BEGIN STUDY MATERIAL

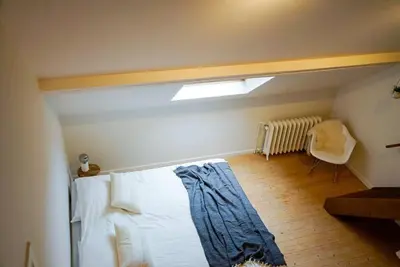 a bedroom with a white bed with a window at LOFT 44 - thuis in Hasselt in Hasselt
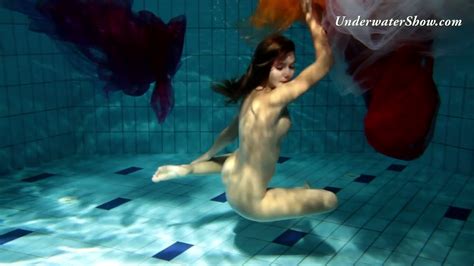 Fire Redhead Girl Named Edwige Swimming Naked In A Pool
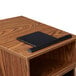 A black tablet on a medium oak tabletop lectern.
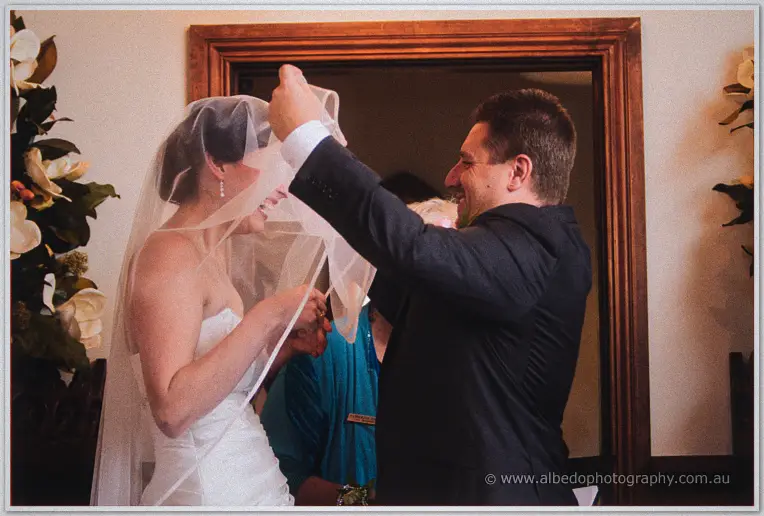 Mark grins as he lifts Felicity's veil back in a warmly lit room with white floral arrangements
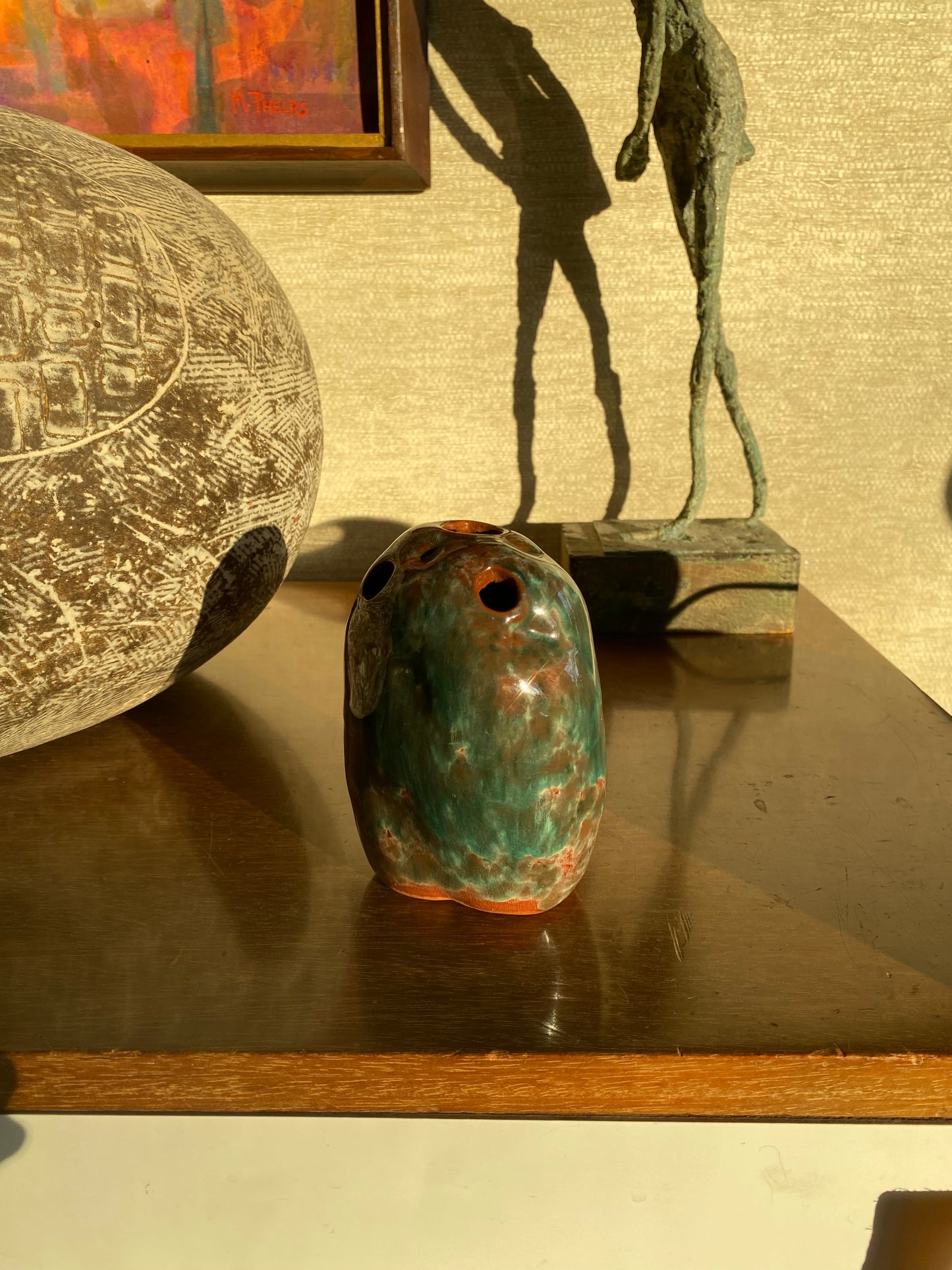 Decorative objects including a textured sphere and a green ceramic item against a textured wall.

END STUDY MATERIAL

__TASK INSTRUCTIONS__.
Set down again, exactly, the lines from the one with "Mark grins as" to the last line of the data, both included and pictures excluded.

__RESPONSE AREA__.
 Mark grins as he lifts Felicity's veil back in a warmly lit room with white floral arrangements
 Decorative objects including a textured sphere and a green ceramic item against a textured wall.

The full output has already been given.